Actually I got good results with LiveView here initially, as it is a legitimate stateful UI runtime. Forms and REST could never have gotten me that far. The problem is that the “backend” side of the undo/redo impl (command style) is glued to Ecto/Postgres.
SQL databases are just evil for this stuff. A proper undo/redo implementation requires a level of flexibility that is just not present.
There is more but look at how these two simple goals, which were met by desktop software 40 years ago, are enough to bring modern tooling to its knees. Form-based saas violates both of these so thoroughly and so deeply that there is no coming back.
Thankfully React’s design is simple and solid enough that I should have no trouble replicating it, so the frontend is easy. The database is… a bit harder, but I’m making real progress! A new stack will rise.
How exactly do you quantify “too long” vs “too short”? 42? “too mixed” or “not mixed enough?”
Some of these things you can make quantifiable if you decide you don’t care that much, and just let credo enforce it. But others, mixing concerns I think is a good example, is going to be a matter of taste that nonetheless needs everyone to put care into and discuss with an open mind.
That’s why I said “mostly”. I can’t quite quantify them to formulae and recipes. Yet.
They are guidelines to strive towards. I wish I had more free time. Sigh.
I suppose I have a problem with the word “taste” in particular. Like @garrison said, we can see something is not quite right and we can make it better. But we can’t quite say what exactly is wrong. That however does not make it a matter of taste, IMO. It makes it an active area of research that is still ongoing.
There is a lot going on here, lol.
While unfortunately generally very unpopular, my answer is always pair programming.
For code style, when you’re writing code together all day long you just being to natural adopt the same style as your team-mates and you can hold each other accountable for things like random acronyms as variable.

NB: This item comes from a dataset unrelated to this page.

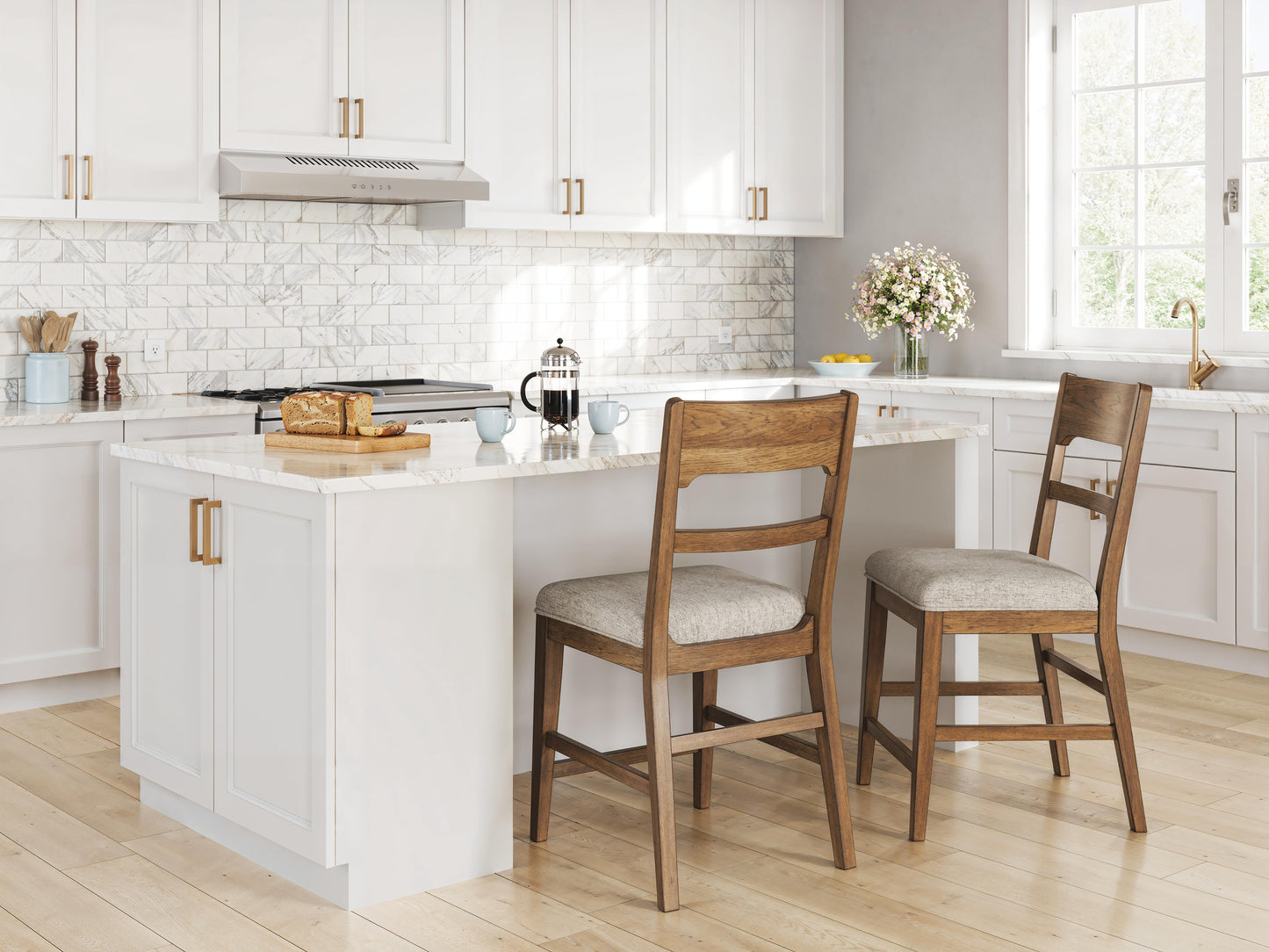 Cabalynn Counter Height Table and 4 Barstools (D4 — 42in Stools)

As far as the topic developers stagnating which I haven’t commented on yet and won’t bother diving into, it completely eliminates the idea of “junior work,” which means you don’t have to stay away from patterns that “will be difficult to juniors or people new to the language to understand.” Grab a junior as a pair and work on something easy, then work on something really hard. Very, very quickly they will no longer be junior.
I think the lion’s share of my woes with Elixir would be solved if Elixir made it possible to mark functions as effectful, and calling those functions was only syntactically valid on their own line or at the very end of a pipeline. It’s a silly dream, though ![]()
I am ashamed to admit I did not like this for most of my career but started practicing it in the last 2-3 years and love it a lot. How stupid I was. But hey, character development!
As I keep developing as a programmer, this became my chief grief with all languages that don’t have it. I’ll start looking for ways to home-grow it in my projects.
I certainly agree this is sort of an unfortunate example because the writing here is kind of, a bit much. But if you read the actual principles they follow you can see they are only really trying to enforce some only moderately strict rules, honestly, a lot of which can be quantified. I do agree with @garrison that it’s sad that the general state of development is so poor that having principles at all beyond mere formatting rules is something that is worth bragging about. Although I have my own ideas about the reason for that which have little or nothing to do with the opinions of individual developers or even teams.
That’s why I like the article.
Or they are genius but are pretentious pricks. ![]()
Having worked with both pretentious pricks and people who seem annoyed at even being asked to care, I’ll take the pretension every time (partially because being pretty pretentious myself I try to forgive it in others).
False dichotomy, why not humble geniuses?
But we started severely digressing. Sorry.